### [Task to carry out]
Would you transcribe the entries below, beginning at the line with "MinMax Outdoors 1080P" and ending after the line with "维维技能训练,维维足球战术教程", exactly, with no picture and nothing more?

:: Given data ::

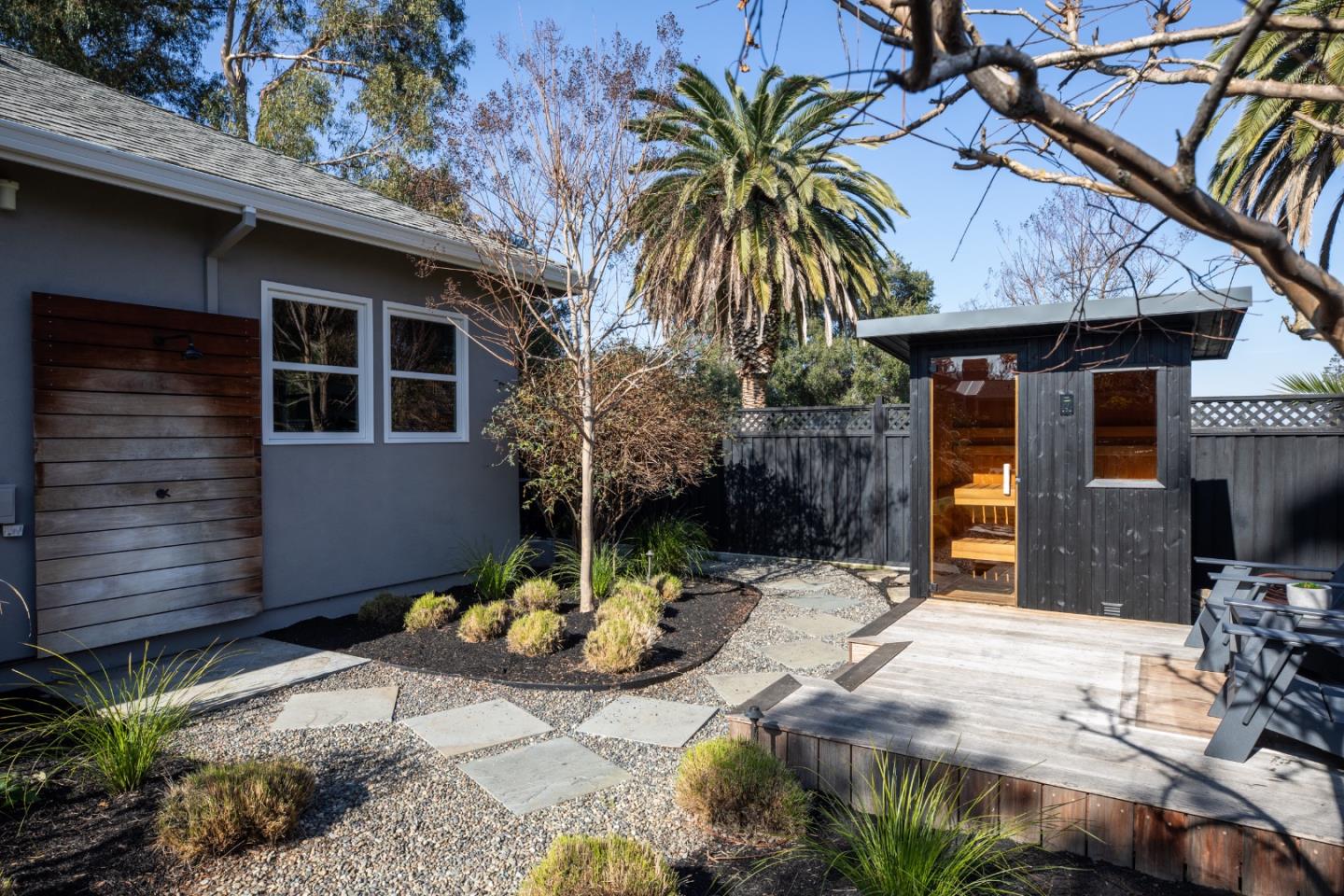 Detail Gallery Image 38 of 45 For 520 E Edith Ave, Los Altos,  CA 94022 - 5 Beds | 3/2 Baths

:::
:: Given data ::

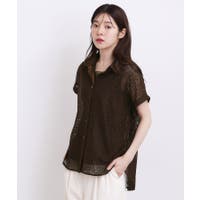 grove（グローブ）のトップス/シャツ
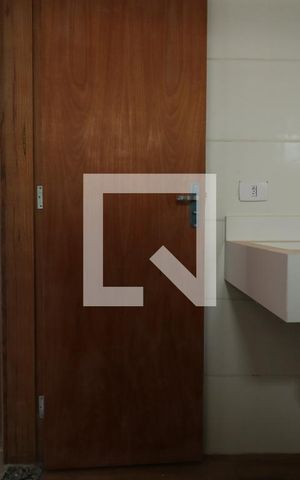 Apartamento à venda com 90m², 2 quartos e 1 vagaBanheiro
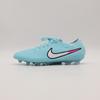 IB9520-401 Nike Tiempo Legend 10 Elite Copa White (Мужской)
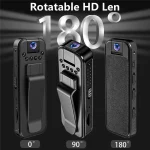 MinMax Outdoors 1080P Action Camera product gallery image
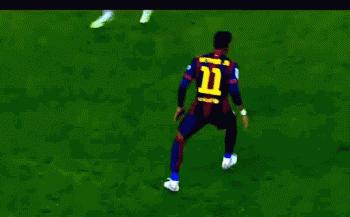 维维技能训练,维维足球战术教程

:::

### [Solution to this exercise]
 MinMax Outdoors 1080P Action Camera product gallery image
 维维技能训练,维维足球战术教程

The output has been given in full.